Он остановился и осмотрелся. За столом из неструганых досок, с ножками из неотесанных столбиков, ушедшими в свежескошенный луг, сидели все лесхозовские практиканты и хлестали пиво. Среди них, разнаряженная, чего доброго, уже под хмельком, ходила жена. Одной рукой она прижимала к боку большую чашку, а другой накладывала из нее мужчинам горячую закуску.

- Стасис, присаживайся к нам!

- Будет тебе дуться, ведь с рубкой покончено!

"Тебе-то что, а мне дерево чуть голову не размозжило… - Он умышленно прошел совсем рядышком с крикунами, искоса наблюдая за лошадью и поглядывая на так неожиданно нагрянувших в его хутор гостей, и от всей души рассердился на Гнедка, что тот послушно плетется за ним, словно оскопленный, и не хлестнет хвостом этих крикунов по глазам. Не обнаружив среди выпивох директора лесхоза, Стасис еще больше осмелел и подумал: - Чувствуется рука Моцкуса".

- Стасис, я же не Гнедку говорю! - рассердилась жена и походя толкнула его тяжелой чашкой в бок. - Отойди в сторону, грелка!

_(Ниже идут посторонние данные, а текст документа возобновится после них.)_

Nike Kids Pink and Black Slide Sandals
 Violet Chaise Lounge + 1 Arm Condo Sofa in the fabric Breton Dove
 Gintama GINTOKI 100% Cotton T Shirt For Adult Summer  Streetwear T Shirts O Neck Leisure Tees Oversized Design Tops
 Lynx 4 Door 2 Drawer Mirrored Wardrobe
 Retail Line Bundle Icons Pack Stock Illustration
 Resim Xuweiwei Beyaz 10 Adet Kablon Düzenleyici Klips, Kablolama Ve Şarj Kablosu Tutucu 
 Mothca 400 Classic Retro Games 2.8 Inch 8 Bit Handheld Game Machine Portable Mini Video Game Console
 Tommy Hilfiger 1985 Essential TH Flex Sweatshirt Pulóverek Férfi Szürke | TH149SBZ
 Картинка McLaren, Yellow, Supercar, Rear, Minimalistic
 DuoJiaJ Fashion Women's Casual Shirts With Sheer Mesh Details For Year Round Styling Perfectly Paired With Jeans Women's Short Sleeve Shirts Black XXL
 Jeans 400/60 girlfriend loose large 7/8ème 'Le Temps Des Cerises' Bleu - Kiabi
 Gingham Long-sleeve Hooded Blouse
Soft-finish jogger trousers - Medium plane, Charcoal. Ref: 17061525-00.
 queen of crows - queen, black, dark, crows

- Ты уже в юбке не умещаешься и опять начинаешь?

- Начинаю, - двусмысленно ответила она, - а ты, гляди, из штанов не вывались.

Стасис понял, что дальше злить жену нельзя, поэтому осадил лошадь, заслонил от нее стол и примирительно сказал:

- Что правда, то правда: здесь воздух пьешь и воздухом закусываешь.

- Чудо, не хутор, - удивлялись горожане, - но и труда сколько вложено!

- Да разве одному, без помощи лесхоза, удалось бы такое сделать, - заскромничал Стасис, увидев вылезающего из подъехавшей машины директора. - Вот и сегодня у директора древнюю ель, что еще бортникам служила, выклянчил, а вот дуб он отказался дать.

- Все-таки свалили эти черти старика? - прислушалась жена.

- Свалили.

- А зачем он тебе?

- Еще и сам не знаю. Вот молодежь говорит, что часовенка тут возле пруда нужна. Теперь это модно. Хорошо, если бы ты прибралась, накормила гостей и помогла мне.

- Хорошо, но мне это не нравится.

- Что, опять Моцкус к тебе посватался?

- Знаешь, Стасис!..

- Знаю, знаю… Уж и сказать нельзя.

- Иди посмотри баню.

- У меня каждый день баня.

- Кому я говорю?

- Ну, иду уж, иду, вот только лошадь запрягу, - Стасис и не думал торопиться.

Весь превратившись в слух, он шел нарочито медленно и уловил, как, подойдя к столу, директор упрекнул Бируте:

- Это вы зря, он хороший человек.

- Хороший, - Бируте хотела казаться равнодушной, но не могла. - За десять лет я ему ничего плохого не сделала, и десять лет он меня подозревал, что могу что-то натворить. Теперь мы чужие, но он все равно с меня глаз не спускает.

- Наверно, любит очень.

- Любит, - Бируте тяжело вздохнула. - Нелегко без любви, но не приведи господь, когда ее слишком много.

- Вы не совсем правы, - Стасис вдруг обернулся и увидел, как директор обнял его жену. - Кроме того, сегодня он был на волосок от смерти.

- Ничего ему не станется… - Он не расслышал ее слов, но почувствовал, что она сказала, поэтому зло дернул лошадь за уздечку, развернул и заставил попятиться к лежащим на земле оглоблям.

- Но-о, чтоб тебя черти!

Саулюс страшно торопился. Мимо мелькали стоящие и поваленные деревья. Подпрыгивая на оголенных ветром корнях, машина задирала нос, раскачивалась и, словно живая, огибала все чаще встречающиеся препятствия.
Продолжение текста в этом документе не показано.